Imagine that you have to sell yourself or your company in 30 seconds. You’ve just jumped into an elevator with the head of your company or a major potential investor, and you’ve got a rare opportunity to pitch to them while the elevator travels between floors.
What would you say to get their attention?
Today, the term is often used to describe your ability to promote yourself in a really succinct way at any opportunity. Here’s a few examples of when you may need to use your ‘elevator pitch.’
- Interviews – Ever been asked to sum up why you’d make a great candidate in 30 seconds? Being able to sell yourself well in an interview is key, so having an elevator pitch ready to go will make sure you come across confident and prepared.
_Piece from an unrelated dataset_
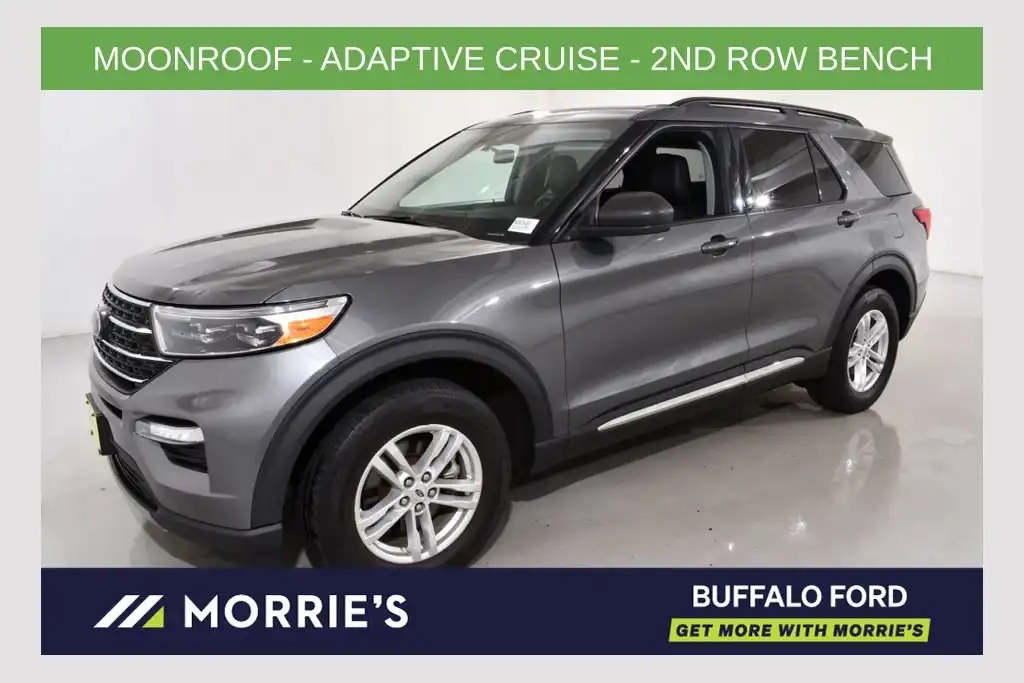 2022 Ford Explorer XLT 4WD's photo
- Meetings – When meeting prospective clients, it’s good to be prepared to give them a clear view of what you’re about, so having your pitch ready for meetings is important.
- Networking – At some networking events, you only have a short amount of time to speak to people so having an elevator pitch prepared is a brilliant way to make sure you get as many people interested as possible.
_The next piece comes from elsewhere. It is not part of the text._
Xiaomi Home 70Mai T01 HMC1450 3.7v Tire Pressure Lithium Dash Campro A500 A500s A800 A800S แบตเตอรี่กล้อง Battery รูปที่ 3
Being able to sum up your professional capabilities or even a business idea is an important skill, and often harder than it seems.
So, where do you start with perfecting your pitch?
An article on Forbes.com suggests that your pitch should answer three main questions – Who are you? What do you do? And what are you looking for? Work out what your objective is and hone your pitch down to the essentials to keep it clear, engaging and purposeful.
- Be ‘human’
It’s important to get the essential information across, but remember to show your personality too. Richard Branson says “The first step toward delivering a great pitch is to keep it human, far too many presentations and speeches can turn artificial and wooden quite quickly.”
- Identify your USP
Short for Unique Selling Point, your USP should highlight exactly what makes you special. Why should you be hired? What makes your business worth investing in? Your pitch should state exactly what makes you stand out from your competitors.
- Tailor it
Think about who you will be talking to, and tailor your pitch for the person or situation. You may want to have two or three versions ready with different tones, delivery style or relevant information. The author of ‘Elevator Pitch Essentials’ advises: “Whether you’re at an event, an impromptu meeting or in a boardroom, you have to be able to modify your pitch to fit the environment and the audience.”
- Test yourself
If you’ve got one chance to impress someone, you want to hit the nail on the head. Practice your pitch until you’ve got every word memorised, and you can roll through it without stumbling. You want your pitch to come across as naturally as possible, so test yourself in front of the mirror, your friends, whatever it takes. It’s also good to have an idea of the types of questions you may be asked so that you’re prepared for those too.
Creating a good first impression is always important, and especially when your job or your business is at stake. Being prepared could ensure that your next elevator pitch is the most valuable 30 seconds you’ve ever spent.